If you're looking for Metal, then I think it would make sense to go with AmpleSounds AME since it is targeted at Metal music. Plus it still gives you the great strumming engine that all of their guitars have which works quite well. If you're looking for a more versatile instrument I still think that AME could pull it off if you "tune up" the instrument from the default drop G that it's in (which you can do). I really like the tone of Ilya's Telecaster and am considering picking it up while it's on sale. Net net is, if you want a versatile instrument that also excels at Metal then AME would be my choice, but for everything else the Ilya guitars on sale are hard to beat. I have to say though that for acoustic guitars, which I have most of (including both of Ilya's acoustic guitars and Ample's AGM), I'm really enjoying the tone of Orange Tree Samples Steel String Guitar. I like that it's not too bright but not too dark. It just seems to capture a sound that meets my expectation of what an acoustic guitar should sound like.

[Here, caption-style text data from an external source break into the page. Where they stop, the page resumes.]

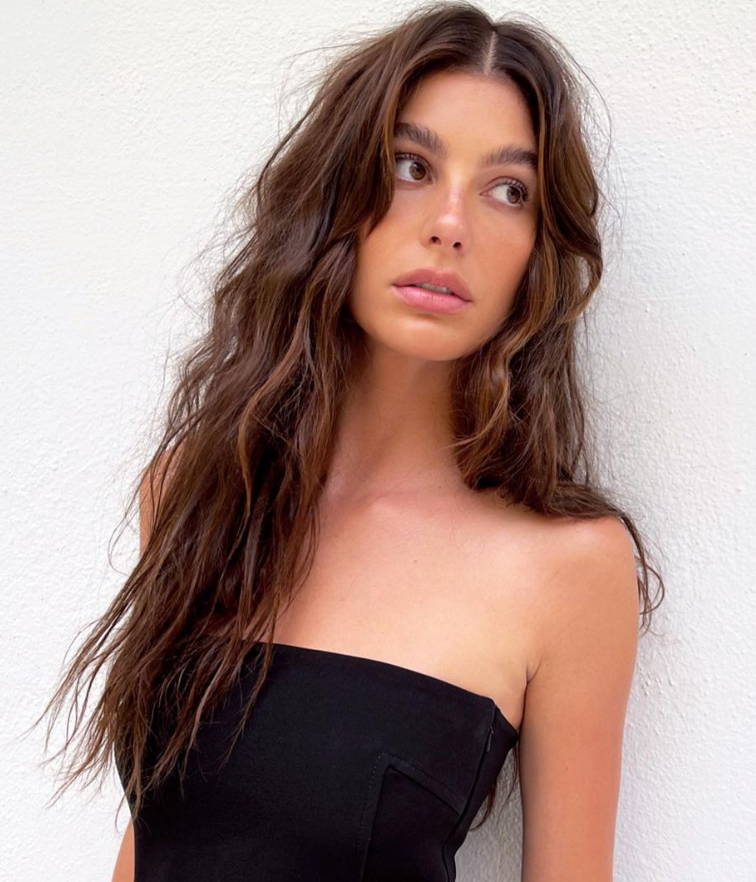 @camilamorrone Camila Morrone með áreynslulausa hárgreiðslu með fallegum styttum.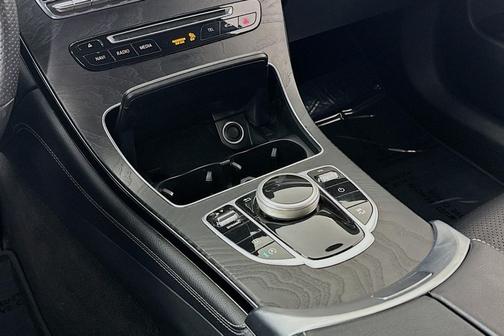 Polar White 2019 Mercedes-Benz GLC 300 Base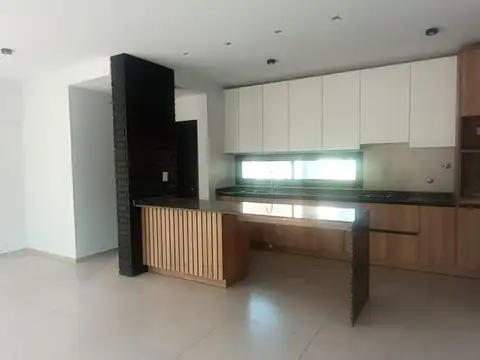 Depto Tipo Casa 4 ambientes con 2 baños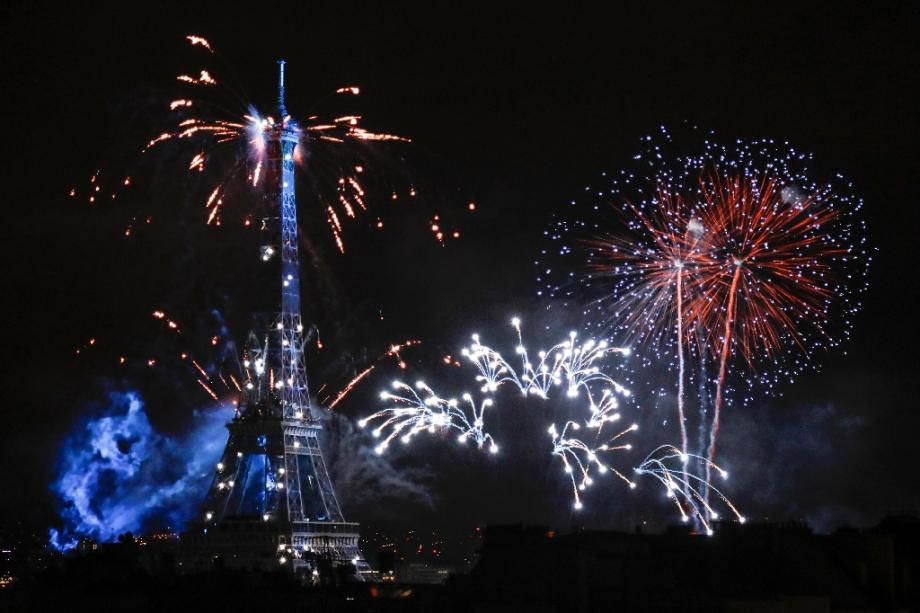 Des Milliers De Personnes Assistent Au Feu D Artifice Tire De La Tour Eiffel Malgre Le Perimetre De Securite Nice Matin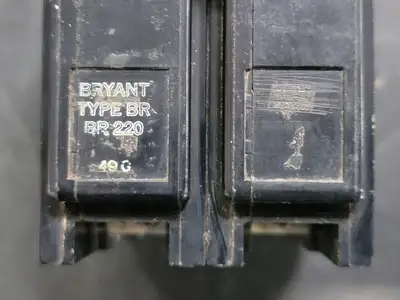Used BRYANT BR220 Switchgears British Columbia CA | Lenmark #244734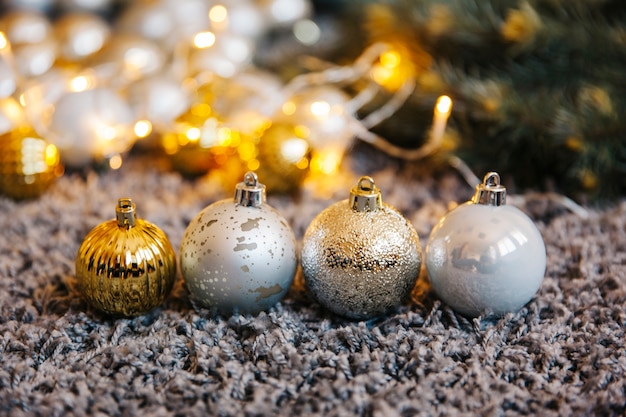 Free photo christmas balls in different sizes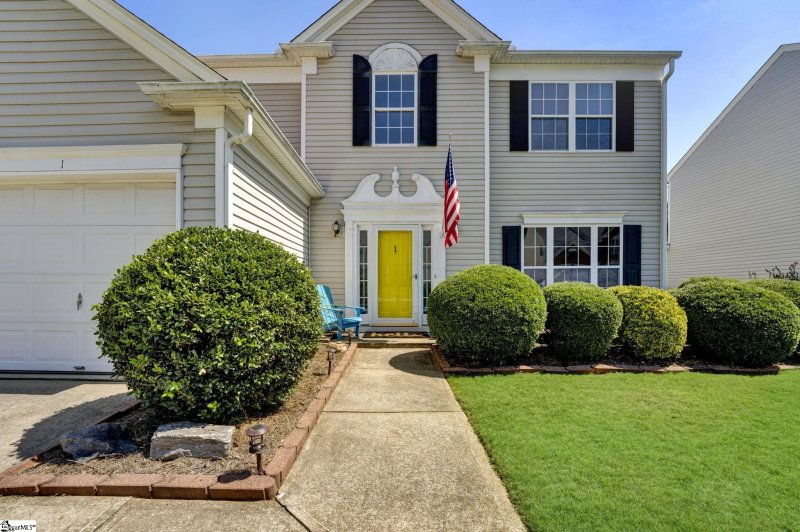 Property image 2 at 1 Bay Hill Drive, Simpsonville, SC 29681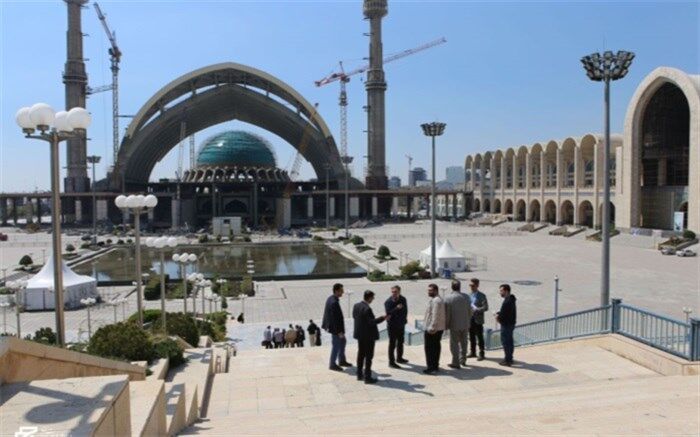 بازدید تشکل‌های نشر از محل برگزاری سی‌وچهارمین نمایشگاه بین‌المللی کتاب تهران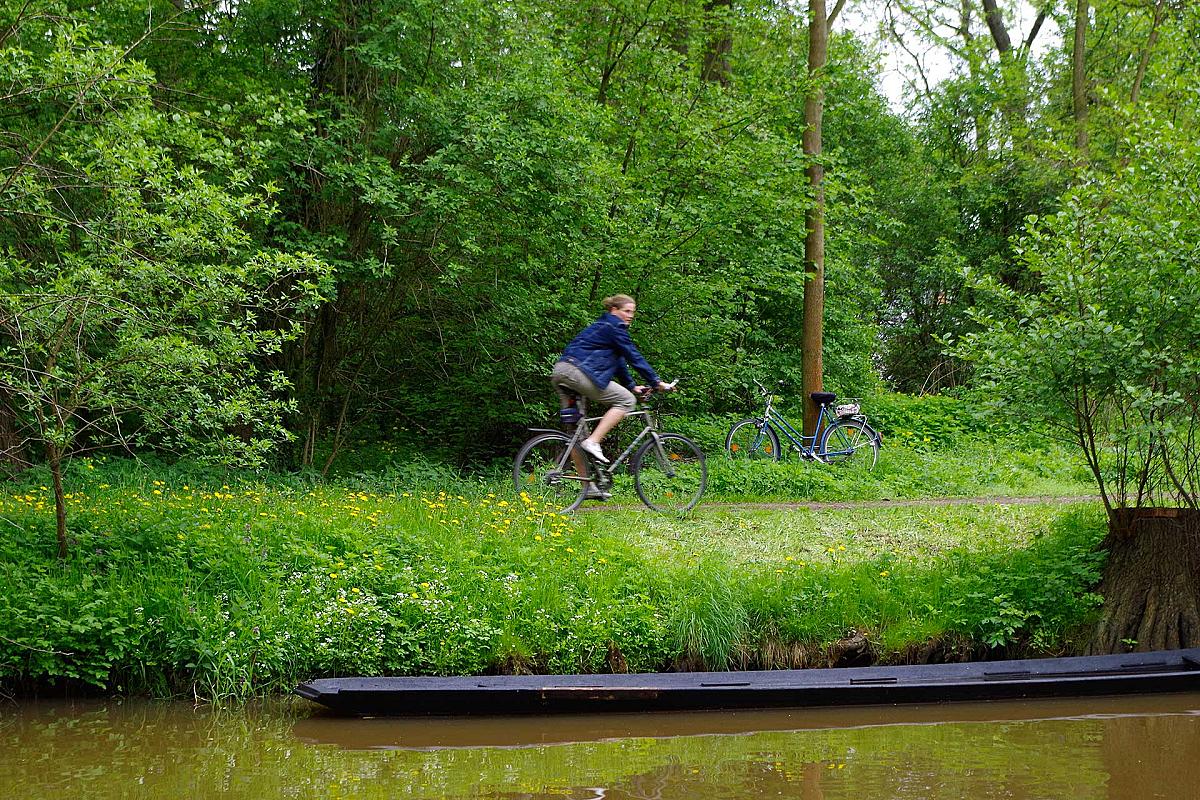 radfahrer-am-naturhafen_aod_20130511_1090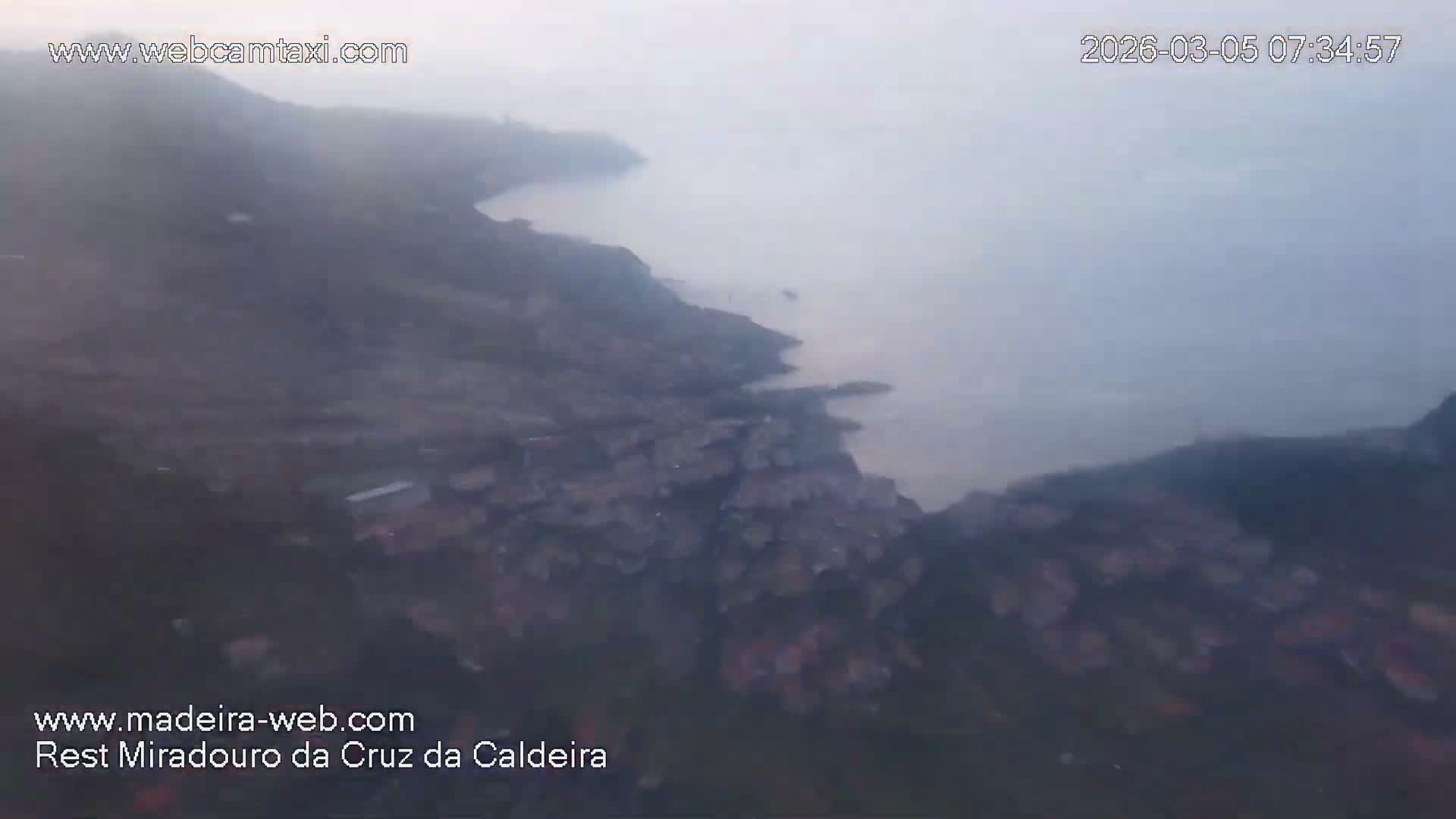 Cruz da Caldeira & West Fucnhal Skyline Live Cam - Camara de Lobos, Madeira, Portugal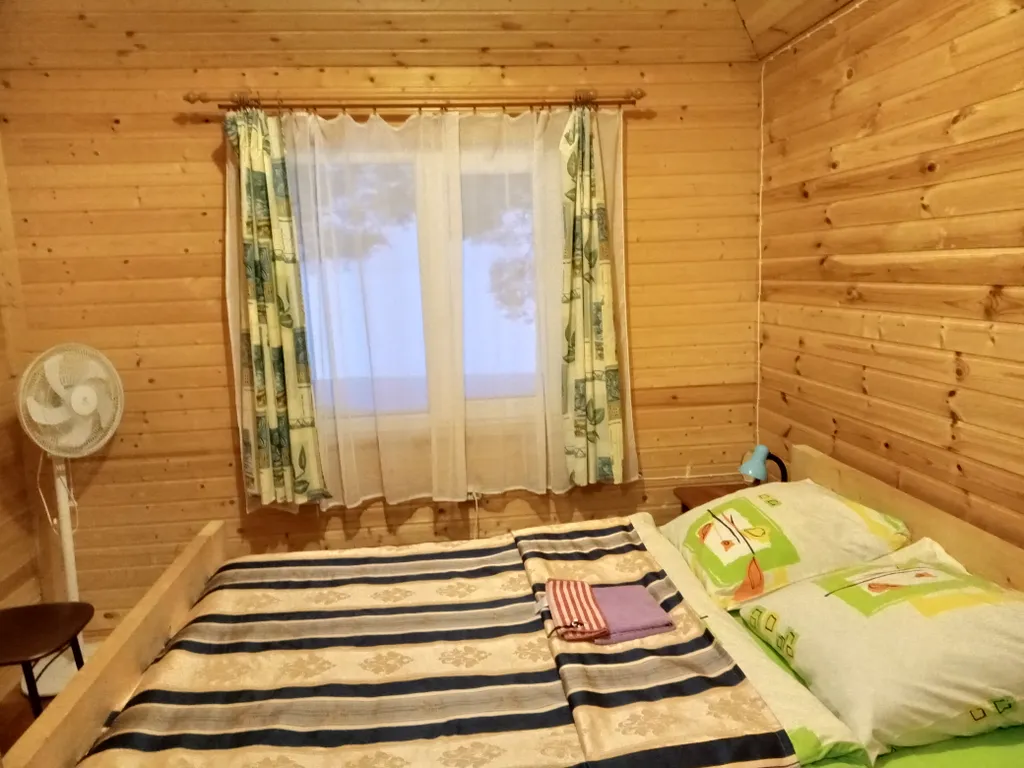 Удобный дом на самом берегу озера Вселуг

Unfortunately that one is not on sale anymore.


----------



## alanb (Dec 5, 2015)

Don't overlook Prominy's fairly incredible e-guitar offerings.........


----------



## Polarity (Dec 6, 2015)

Have you considered also Pettinhouse (he has released a new electric guitar last week) and Orange Tree?
I have acoustic models from both companies and love them.
Have also electric models from both but not all.
The new Orange Tree's electric with 7 strings (if I remember right) is specifically made for metal genres I think.


----------



## bill45 (Dec 6, 2015)

OTS banshee.


----------



## Polarity (Dec 6, 2015)

bill45 said:


> OTS banshee.


yes, I meant that one!
8 strings, not 7... I remembered wrong, sorry.


----------



## Vin (Dec 7, 2015)

alanb said:


> Don't overlook Prominy's fairly incredible e-guitar offerings.........



+1

If metal is your primary genre, their V-metal library is really incredible:



I like and use Ample Sound, but for metal I don't think that anything comes close to this. And this is done with Guitar Rig which is far from the best amp.


----------



## Zhao Shen (Dec 7, 2015)

I have Ilya Efimov and love them. The only other guitars that have ever made me even slightly wishful are those from Orange Tree.


----------



## 1982m (Dec 7, 2015)

My favs-
Amplesound Acoustics AGM+AGT
Scuffham S-Gear


----------



## newbycomposer (Dec 7, 2015)

So, I'm about to just give up with , I think I'm just going to learn guitar, I spent all day yesterday using the demo of amplesounds metal guitar. It sounds ok, but I just need a real one, I'll keep using them to mock stuff up. It will be a long while till I can play my own stuff, but eventually. I write for so much guitar its probably the best idea.


----------



## 1982m (Dec 7, 2015)

No library out there can ever replace an actual player. You can buy the equipment too but chops & tone lay mainly under the fingers. 
Have you thought about online collabs or hiring musicians for tracks on your projects? There's alot of talent out there.


----------



## bill45 (Dec 7, 2015)

Working with virtual guitars takes practice too. Don't give up.
Use the full demo period.


----------



## Dynamitec (Dec 9, 2015)

Don't forget to check out Acou6tics:


----------



## bill45 (Dec 10, 2015)

acou6tics is on sale


----------



## newbycomposer (Dec 16, 2015)

I just decided to dig and and learn guitar lol, I'm done fighting with vst guitars, they work for mock ups and writting, and for stuff where the guitar is in the background, but I just can't take the "fake" sound anymore lol.


----------



## Vastman (Dec 21, 2015)

newbycomposer said:


> I just decided to dig and and learn guitar lol, I'm done fighting with vst guitars, they work for mock ups and writting, and for stuff where the guitar is in the background, but I just can't take the "fake" sound anymore lol.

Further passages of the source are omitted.